No training. LLMs used include GPT-5 Chat, GPT-4.1, Llama-4, DeepSeek-v3.1, and GROK-3. Inference at low temperature without tool use; each item × 27 paraphrases. Validation uses sub-group to full-sample designs from ICAR, TIMSS, and UKBioBank.

Key Experimental Results

Main Results (Verification of LLM Extrapolation Quality)

Model ICAR MAE ↓ ICAR RMSE ↓ ICAR Pearson ↑ ICAR Spearman ↑
gpt-5-chat 0.030 0.044 0.976 0.968
llama-4 0.033 0.052 0.971 0.963
gpt-4.1 0.040 0.058 0.958 0.944
deepseek-v3.1 0.043 0.085 0.922 0.914
grok-3 0.043 0.068 0.939 0.920

On TIMSS, MAE increases to \(0.12\)-\(0.16\) and Pearson drops to \(0.5\)-\(0.7\), reflecting greater difficulty in extrapolation when transnational heterogeneity is high.

Ablation Study (Dimension-specific base calibration)
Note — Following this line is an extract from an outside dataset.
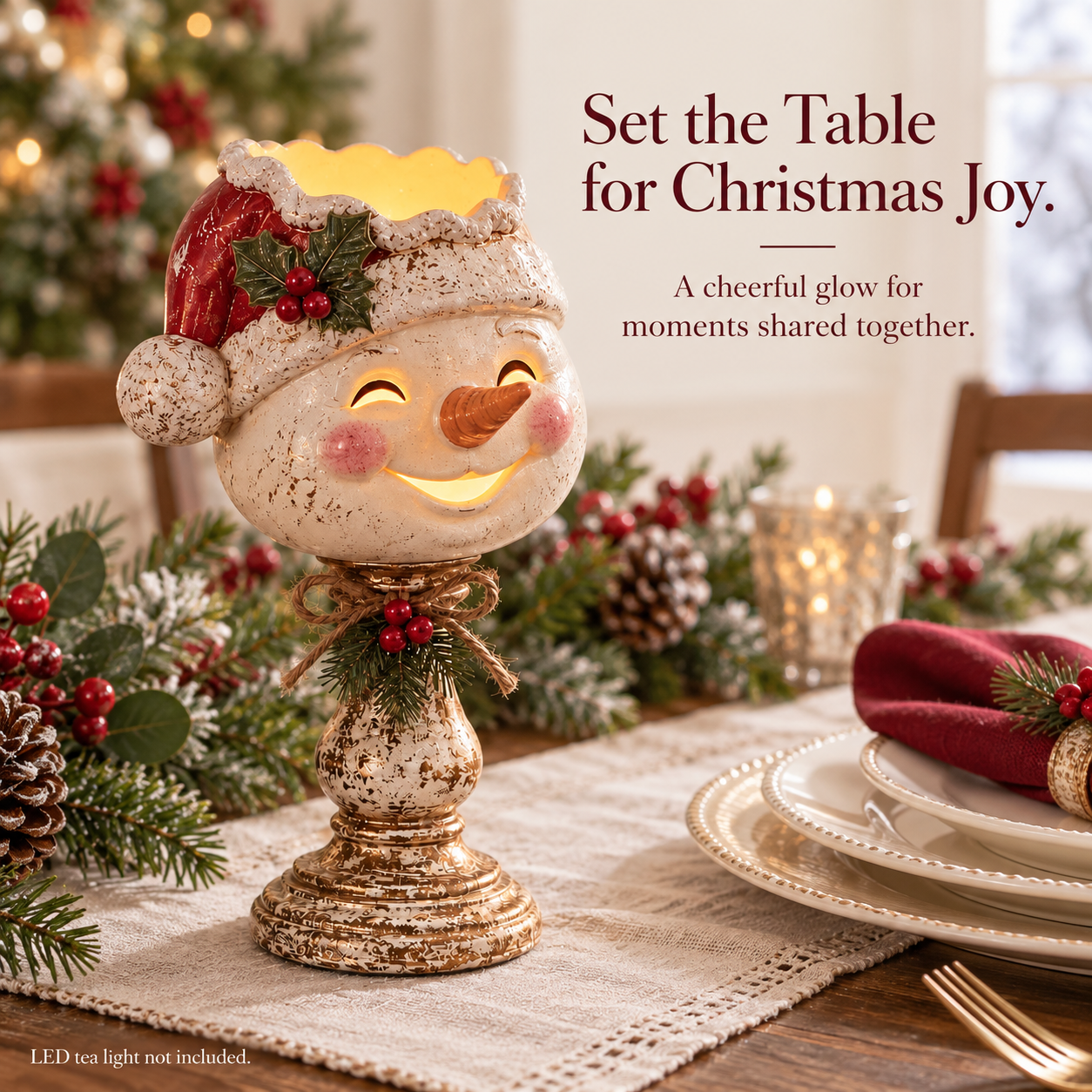 Snowman candle holder displayed beside a Christmas table setting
Dimension Group Calibrated \(B\) Interpretation
Volume \(\approx 32\) Much steeper than \(B=10\); high levels should be pushed up
Attention \(\approx 17\) Same as above
Metacognition \(\approx 6.7\) Close to \(B=10\), well-calibrated
Knowledge \(\approx 5.1\) Same as above
Comprehension & Expression \(\approx 1\) Difficulty barely increases, levels should be pushed down
Spatial Reasoning & Navigation \(\approx 1\) Same as above

Key Findings

  • A single \(B=10\) is invalid across dimensions—the real bases of Volume and Comprehension differ by \(\approx 30\times\), meaning "AI leads humans in Knowledge" and "AI is far behind in Volume" cannot be compared without calibration.
  • LLM extrapolation achieved an MAE of only \(0.030\) (Pearson 0.976) on structurally homogeneous ICAR, proving LLMs compress significant demographic priors; however, error spikes on heterogeneous data like TIMSS (60 countries), indicating a Western bias remains.
  • After applying calibrated bases, current LLM capability profiles show a distinct "Strong Knowledge, Weak Volume/Attention" shape, providing more interpretable comparisons for policymakers.

Highlights & Insights

  • Redefines "AI vs. Human" comparison from "benchmark score comparison" to "position on a logarithmic population distribution scale," a proposal at the level of evaluation philosophy.
  • Using LLMs as population extrapolators is a clever "AI calibrating AI comparing humans" loop; the sub-group to full-sample validation proves it has learned demographic adjustment capabilities.
  • Dimension-specific base results (Volume \(\approx 32\), Comprehension \(\approx 1\)) directly undermine previous scalar conclusions of "AI reaching X% human level," serving as an impactful negative finding.

Limitations & Future Work

  • Only 5 data sources, all text-only; multimodal and agentic tasks are not covered.
  • LLM extrapolators show larger MAE on TIMSS and obvious Western/Anglosphere bias; population estimates for non-Western cultures may be systematically biased.
  • Assumes the dominance filter is sufficient to "purify" dimensional signals, but real items may have co-existing bottlenecks; filtered samples might still hold value.
  • Calibrating bases using linear regression on 5 mean points has weak statistical significance, even yielding negative slopes for some dimensions (e.g., Mind Modeling).
  • vs. ADeLe (Zhou 2025): ADeLe provides demand rubrics but uses \(B=10\) as a convention; this paper performs empirical calibration.
  • vs. METR time-horizon (Kwa 2025): METR uses human hours as a single-dimension anchor; this paper uses multi-dimensional population distributions.
  • vs. IRT psychometrics: Classical IRT requires dense real response data; this paper uses LLMs to bypass that step.
  • vs. MMLU / GPQA: These use scalar accuracy with a single reference population; this paper provides decomposable and comparable profiles.

Rating

  • Novelty: ⭐⭐⭐⭐⭐ "LLM as population extrapolator + dimension-specific base calibration" is a rare methodological innovation.
  • Experimental Thoroughness: ⭐⭐⭐ Only 5 data sources (text-only), large errors on TIMSS, and insufficient cross-cultural validation.
  • Writing Quality: ⭐⭐⭐⭐ The motivation is compelling, and the technical narrative is clear.
  • Value: ⭐⭐⭐⭐⭐ A paradigm-level reflection for the AI evaluation community; both policymakers and researchers should read it.